Your assignment: Would you return exactly the lines below from the line with "Barn har en dental undersökning. — Stockfoto" through the line with "Zahnarzt mit Mundschutz", both included, and nothing else, leaving out the pictures?

-------- Records shown

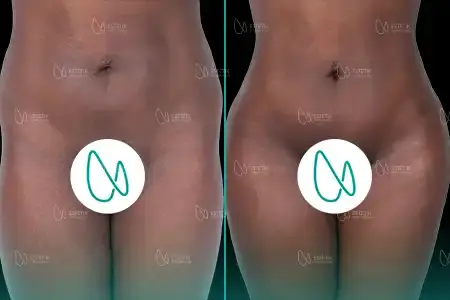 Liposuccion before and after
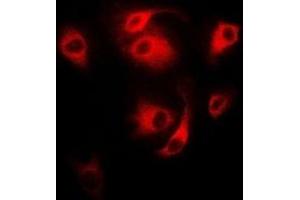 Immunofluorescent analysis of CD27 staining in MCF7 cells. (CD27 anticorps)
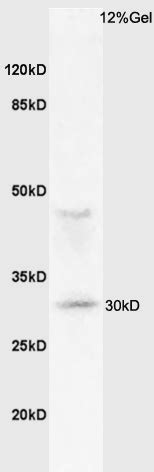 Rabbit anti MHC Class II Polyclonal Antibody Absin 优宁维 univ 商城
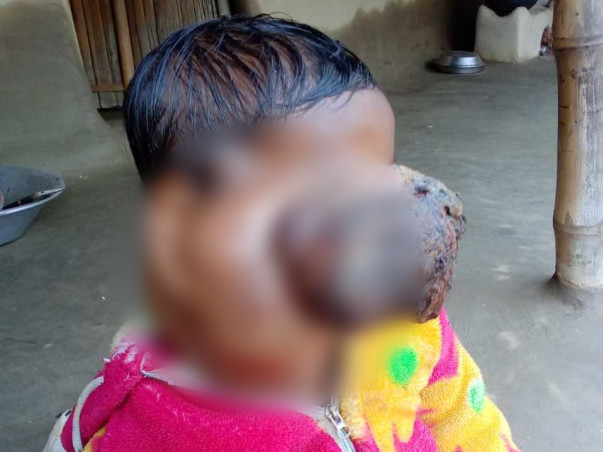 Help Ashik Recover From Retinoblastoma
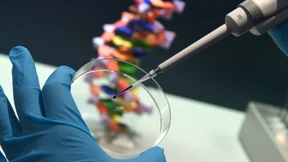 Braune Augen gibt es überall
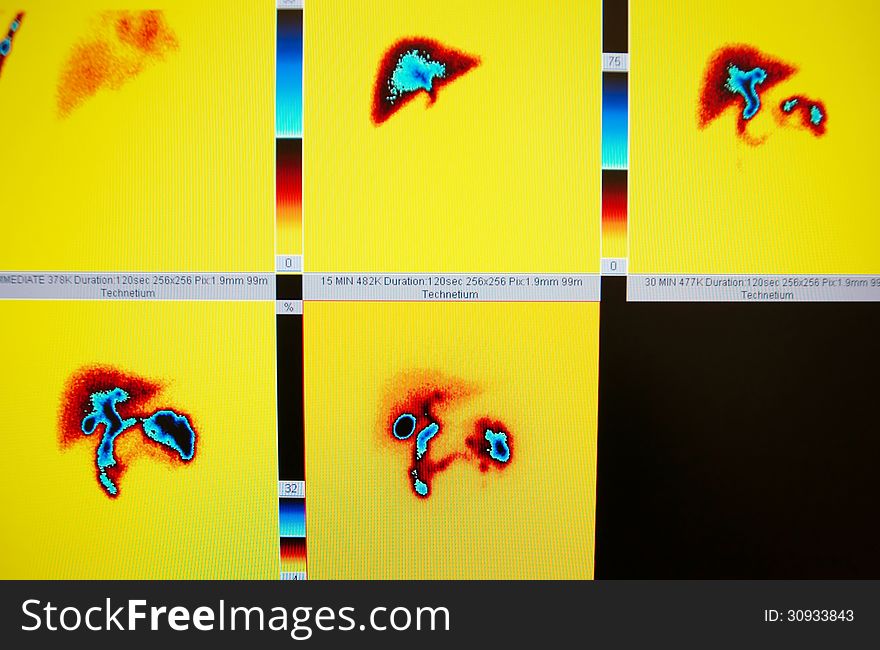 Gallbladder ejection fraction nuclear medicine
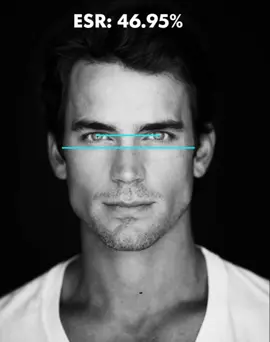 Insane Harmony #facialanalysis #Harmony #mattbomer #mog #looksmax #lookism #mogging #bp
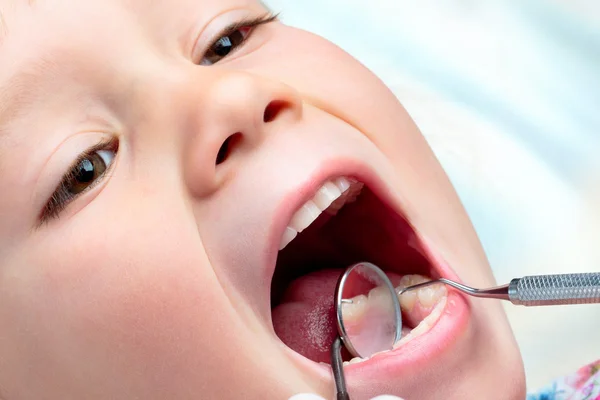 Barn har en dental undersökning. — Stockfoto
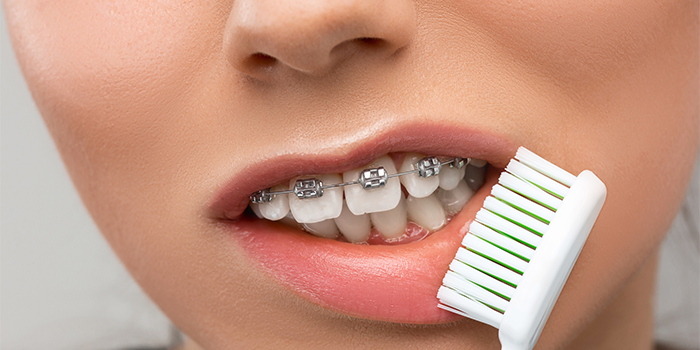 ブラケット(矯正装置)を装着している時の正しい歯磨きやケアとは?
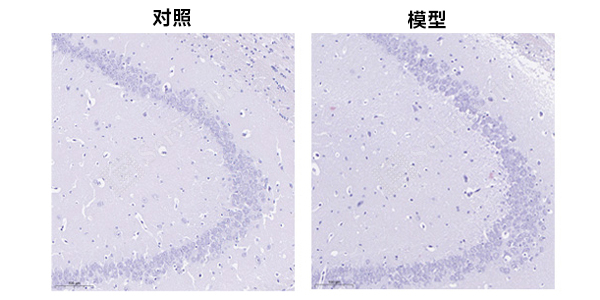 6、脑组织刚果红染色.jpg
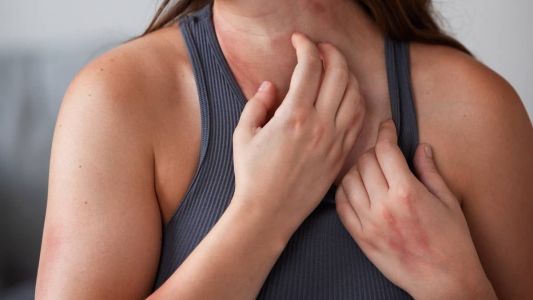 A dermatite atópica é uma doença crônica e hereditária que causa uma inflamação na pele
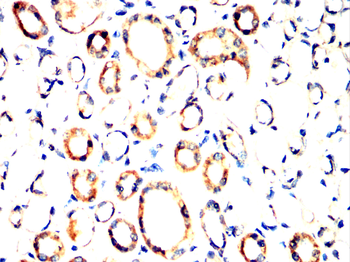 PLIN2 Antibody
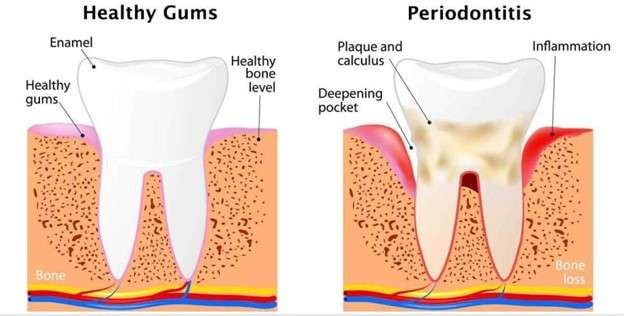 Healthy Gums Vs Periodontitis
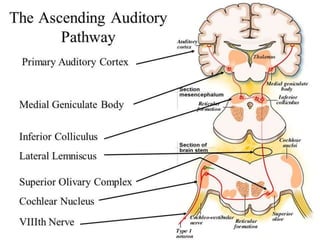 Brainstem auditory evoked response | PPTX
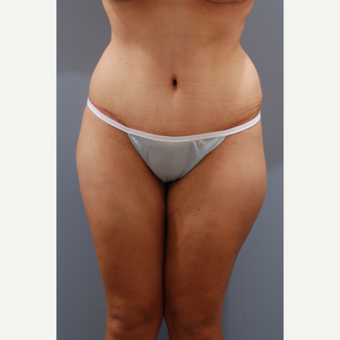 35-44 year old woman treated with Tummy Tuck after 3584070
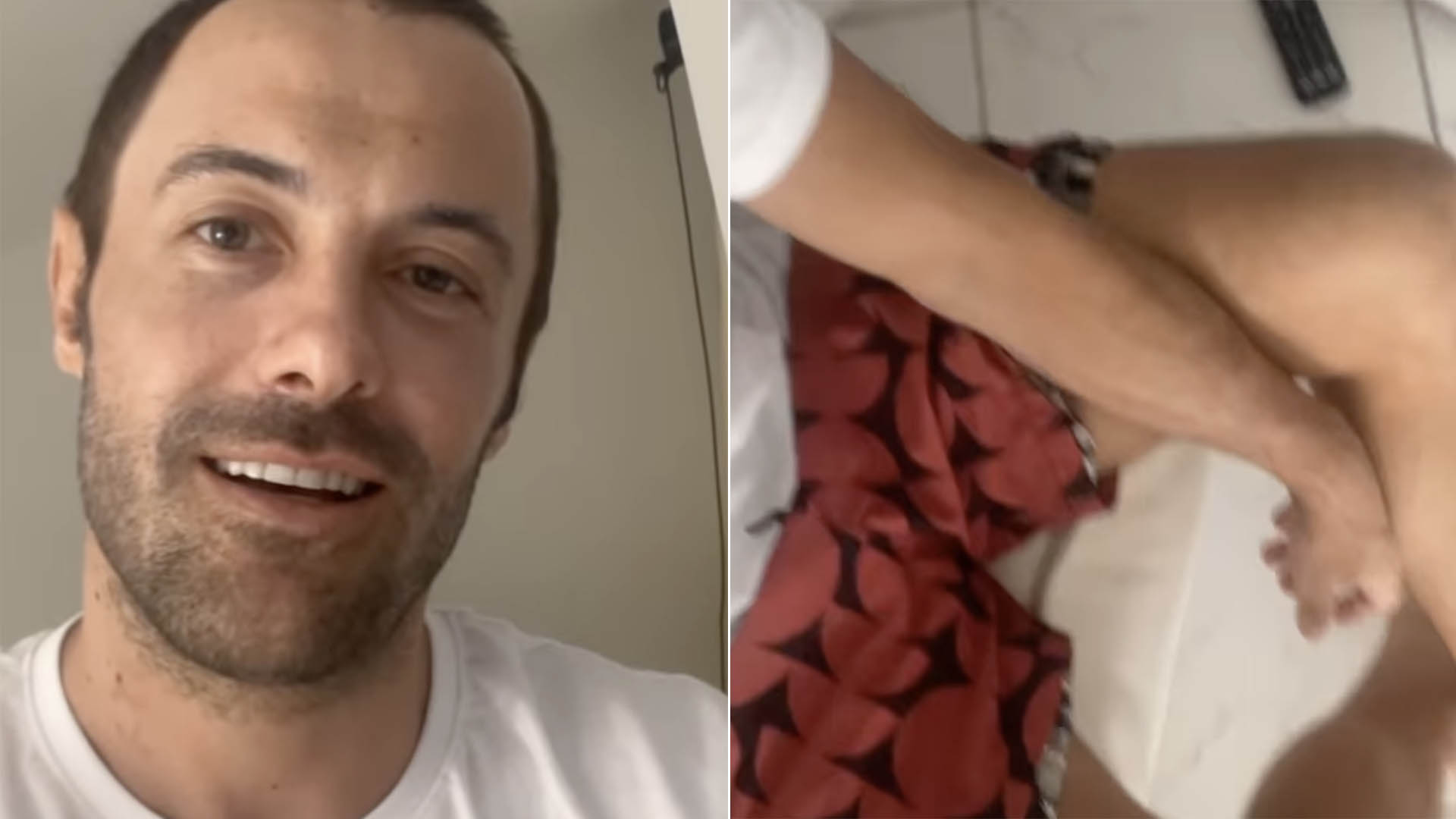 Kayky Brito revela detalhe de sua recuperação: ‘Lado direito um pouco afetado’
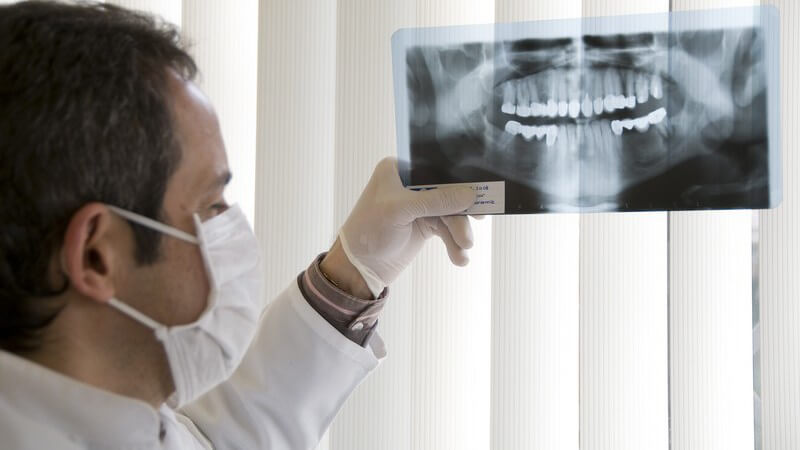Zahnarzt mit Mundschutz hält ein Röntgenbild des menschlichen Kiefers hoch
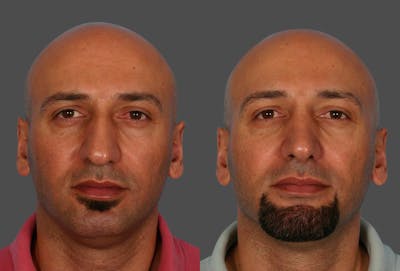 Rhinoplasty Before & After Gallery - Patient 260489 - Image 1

----------------

Output below:
 Barn har en dental undersökning. — Stockfoto
 ブラケット(矯正装置)を装着している時の正しい歯磨きやケアとは?
 6、脑组织刚果红染色.jpg
 A dermatite atópica é uma doença crônica e hereditária que causa uma inflamação na pele
 PLIN2 Antibody
 Healthy Gums Vs Periodontitis
 Brainstem auditory evoked response | PPTX
 35-44 year old woman treated with Tummy Tuck after 3584070
 Kayky Brito revela detalhe de sua recuperação: ‘Lado direito um pouco afetado’
Zahnarzt mit Mundschutz hält ein Röntgenbild des menschlichen Kiefers hoch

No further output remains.